LA SPAGNA, L’ETEROLOGA, UNA NUOVA VITA – Michela e Viola lavorano entrambe nel terzo settore, nei servizi educativi per i minori e con persone con disabilità (Michela è anche maestra di sci). Si conoscono nel 2012, cinque anni dopo inizia la loro storia d’amore e nel 2020 si sposano. “Ci siamo informate moltissimo prima di intraprendere il percorso che avrebbe portato alla nascita di Giulia – racconta Michela – abbiamo seguito webinar, abbiamo chiesto consigli medici e, come dico sempre, prima di vedere mia figlia ho visto l’avvocato molte volte. Alla fine abbiamo scelto una clinica privata in Spagna, a Barcellona, dove a Viola è stata fatta l’inseminazione intrauterina, che è una tecnica di primo livello per il fatto che che non prevede la fecondazione in vitro. Si fa tutto all’interno del corpo e per noi donne è, di fatto, un’eterologa. In clinica c’erano praticamente solo coppie eterosessuali, venivano da tutta Europa e ci dicevano che erano lì perché non erano mai riusciti a diventare genitori, nonostante infiniti tentativi. La pianificazione del viaggio è stata molto complessa, perché ci sono procedure da seguire e bisognava seguire i ‘ritmi’ fisiologici del corpo di Viola. Siamo state seguite da due ginecologhe, sia in Italia sia in Spagna, e abbiamo fatto entrambe alcune esami. Dopo il concepimento, abbiamo seguito i corsi pre-parto, come tutte le coppie normali, se possiamo dire normali (ride, ndr)”. Michela e Viola hanno raccontato – e raccontano – il loro percorso di genitori su Instagram, sul profilo duemammeinfamiglia.

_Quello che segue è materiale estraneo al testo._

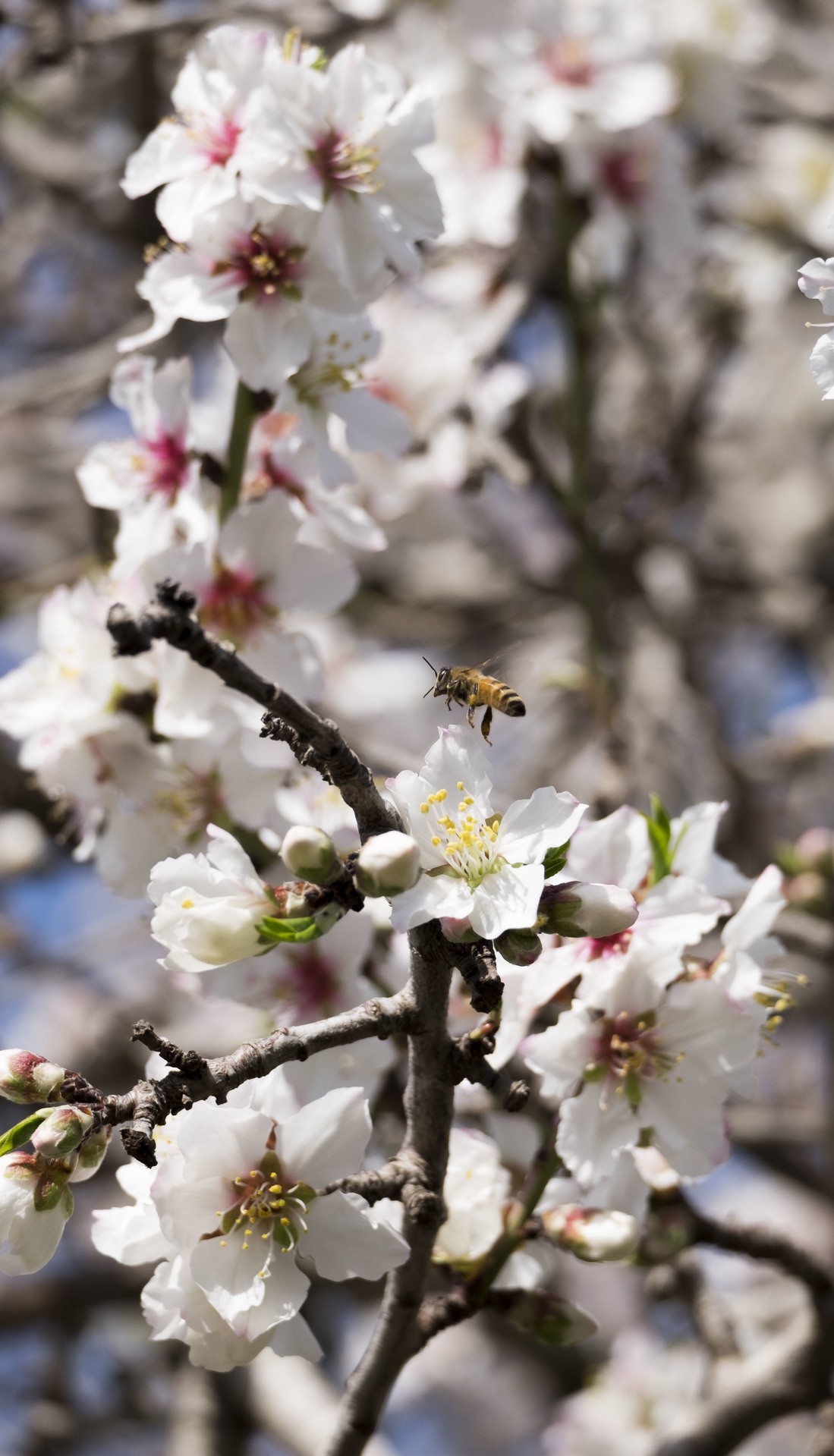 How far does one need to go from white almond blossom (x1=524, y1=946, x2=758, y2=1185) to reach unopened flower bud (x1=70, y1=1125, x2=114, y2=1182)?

“La prima batosta l’abbiamo ricevuta subito dopo il parto. Quando Viola è stata in sala parto, al Papa Giovanni di Bergamo, l’ho assistita come fanno tutti i papà, sono rimasta con lei tutto il tempo. Abbiamo trovato persone accoglienti finché a un certo punto, dopo che è nata Giulia, è arrivata un’ostetrica che ha stracciato il documento, fatto poche ore prima da una sua collega, sul quale compariva anche il mio nome, insieme a quello di Viola. E ha inserito, qualora fosse successo qualcosa alla bambina, il suo numero di cellulare, e solo dopo il mio. Per lei, in pratica, non esistevo”. Per Michela “l’Italia cerca in tutti i modi possibili di impedirti di essere genitore”, ma è pur vero che la sua esperienza le dice che c’è “un profondo scollamento tra la maggior parte delle persone, che ti accolgono e che sono aperte, e una piccola minoranza, che sulla base dell’ideologia vorrebbe cambiare ciò che già esiste, la realtà”.

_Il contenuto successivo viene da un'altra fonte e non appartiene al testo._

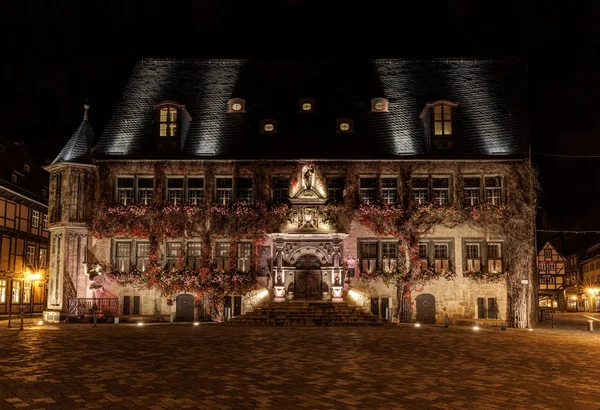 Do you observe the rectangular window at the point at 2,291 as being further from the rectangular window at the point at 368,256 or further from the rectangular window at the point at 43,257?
the rectangular window at the point at 368,256

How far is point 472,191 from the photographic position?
31484mm

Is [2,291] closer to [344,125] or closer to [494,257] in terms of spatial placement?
[344,125]

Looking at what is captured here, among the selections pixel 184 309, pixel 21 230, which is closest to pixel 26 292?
pixel 21 230

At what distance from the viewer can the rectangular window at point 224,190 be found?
31875 millimetres

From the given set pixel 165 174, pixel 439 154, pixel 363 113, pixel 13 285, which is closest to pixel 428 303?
pixel 439 154

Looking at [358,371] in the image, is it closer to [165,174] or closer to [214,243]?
[214,243]

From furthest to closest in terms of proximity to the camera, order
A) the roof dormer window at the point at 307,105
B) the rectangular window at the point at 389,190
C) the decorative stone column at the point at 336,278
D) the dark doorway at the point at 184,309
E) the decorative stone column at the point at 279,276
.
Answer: the roof dormer window at the point at 307,105 < the rectangular window at the point at 389,190 < the dark doorway at the point at 184,309 < the decorative stone column at the point at 279,276 < the decorative stone column at the point at 336,278

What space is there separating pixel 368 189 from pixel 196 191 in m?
9.12

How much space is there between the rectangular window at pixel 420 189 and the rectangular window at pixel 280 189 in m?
6.66

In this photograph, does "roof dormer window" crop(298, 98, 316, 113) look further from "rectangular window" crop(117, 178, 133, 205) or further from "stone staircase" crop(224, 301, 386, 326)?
"stone staircase" crop(224, 301, 386, 326)

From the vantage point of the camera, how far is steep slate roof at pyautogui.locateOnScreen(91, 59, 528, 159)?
3216cm

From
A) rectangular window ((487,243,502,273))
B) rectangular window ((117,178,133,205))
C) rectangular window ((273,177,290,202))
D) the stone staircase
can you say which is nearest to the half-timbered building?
rectangular window ((117,178,133,205))

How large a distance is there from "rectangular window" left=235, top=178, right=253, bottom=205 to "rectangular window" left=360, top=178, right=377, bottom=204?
19.3 ft

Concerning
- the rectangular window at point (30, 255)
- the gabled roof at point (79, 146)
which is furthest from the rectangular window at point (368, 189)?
the rectangular window at point (30, 255) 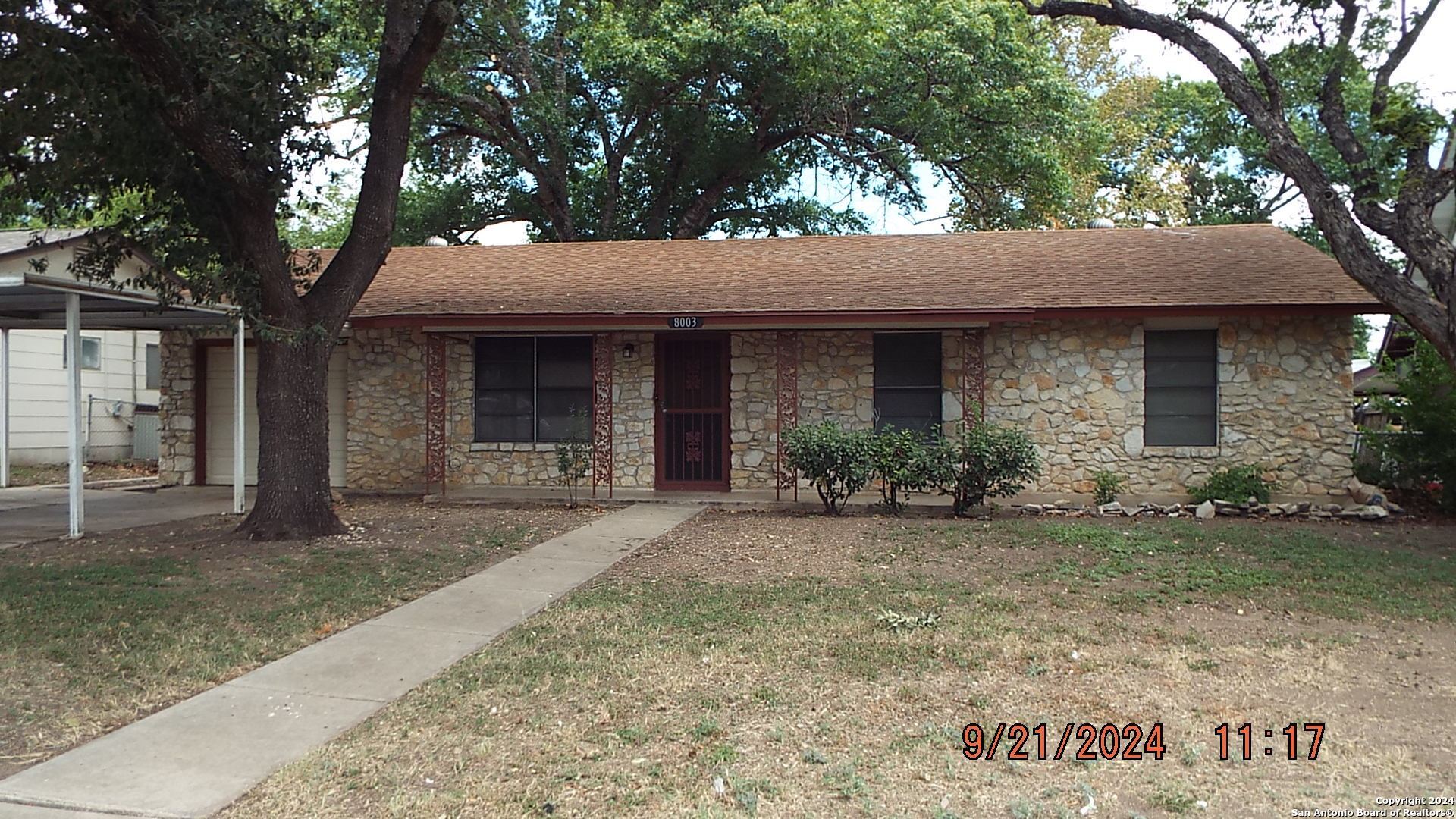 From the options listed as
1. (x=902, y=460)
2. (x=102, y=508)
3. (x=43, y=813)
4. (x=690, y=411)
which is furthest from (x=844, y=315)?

Dopo il parto, pochi mesi di serenità. Poi, l’intervento della Procura. E il resto è già storia. “È bello potersi riempire l’ego e dire ‘ah, è mio figlio, mi assomiglia, ha il mio stesso Dna’. La verità, e lo dico con un po’ di presunzione – conclude Michela – è che ci vuole più coraggio a essere genitore non biologico che a essere genitore biologico. Perché ami un figlio, e lo cresci, con tutti i sacrifici che ciò comporta, a prescindere dalla genetica”.